La haute Cour mauritanienne a rendu un verdict partiel dans l’affaire de l’ex-président Mohamed Ould Abdel Aziz, confirmant certains chefs d’accusation tout en en invalidant d’autres. L’enrichissement illicite et le blanchiment d’argent restent les piliers de la condamnation, maintenue à 15 ans de prison ferme, tandis que des charges comme l’abus de pouvoir et le trafic d’influence ont été écartées.

une procédure judiciaire en suspens : vers une grâce présidentielle ?

La clôture de cette procédure judiciaire pourrait désormais déboucher sur une éventuelle grâce présidentielle. Plusieurs acteurs de la société mauritanienne, ainsi que des partenaires internationaux, pourraient jouer un rôle dans cette issue, bien que rien ne soit encore acté.

un lien historique entre l’ancien président et le chef de l’État actuel

Il est important de souligner l’ancienneté de la relation entre Mohamed Ould Abdel Aziz et Mohamed Cheikh Ghazouani, actuel président de la Mauritanie.
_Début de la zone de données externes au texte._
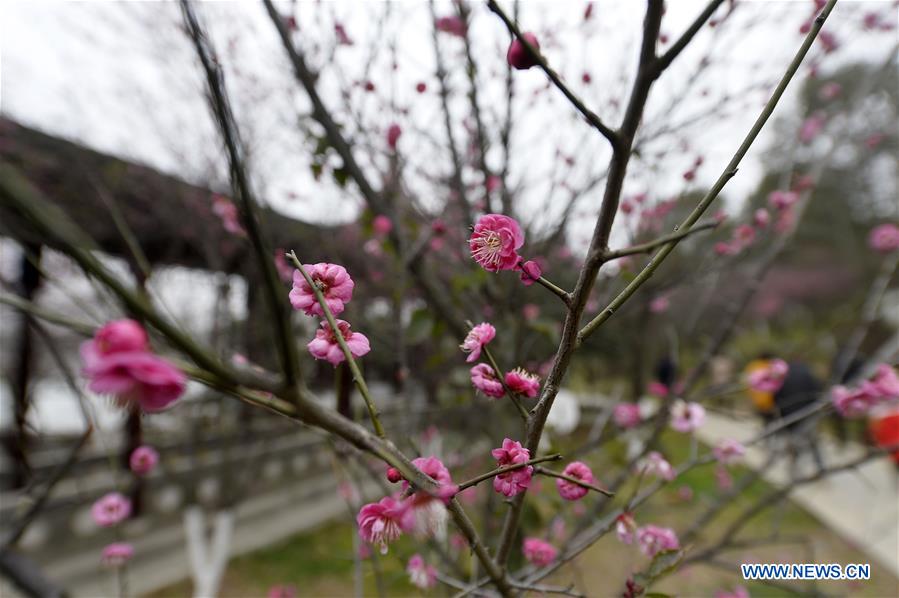 Plum blossoms seen in E China's Jiangsu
Tous deux sont d’anciens officiers généraux formés au Maroc et partagent une amitié de plusieurs décennies.

analyse des réactions juridiques et politiques

Maître Lô Gourmo, avocat au sein du collectif de défense de l’État constitué en partie civile, a commenté cette décision. Pour lui, «la Cour suprême a partiellement cassé l’arrêt de la Cour d’appel de Nouakchott en abandonnant deux chefs d’accusation : l’abus de pouvoir et le trafic d’influence. Cependant, les éléments centraux du dossier, à savoir l’enrichissement illicite, le blanchiment et le recel, sont confirmés. Ces infractions justifient à elles seules la peine de 15 ans de prison ferme».

les implications constitutionnelles d’une condamnation pour abus de pouvoir

L’avocat a également précisé qu’une condamnation pour abus de pouvoir et trafic d’influence aurait pu entraîner une réintégration du condamné dans ses fonctions, en application de l’article 93 de la Constitution. Toutefois, cette perspective a été exclue par le Conseil constitutionnel, limitant ainsi la portée de la décision.

les attentes de la société civile mauritanienne

Mohamed Mahmoud Tolba, représentant de Mauritanie Transparency, a partagé le point de vue de son organisation. «Nous espérions un procès plus exhaustif, incluant tous les responsables impliqués dans la dilapidation des biens publics. Beaucoup de hauts fonctionnaires sont concernés par ces pratiques de gouvernance, mais seul le cas de Aziz a été retenu». Il a exprimé l’espoir que ce procès, malgré ses limites, marque le début d’une nouvelle ère en matière de transparence et de responsabilité.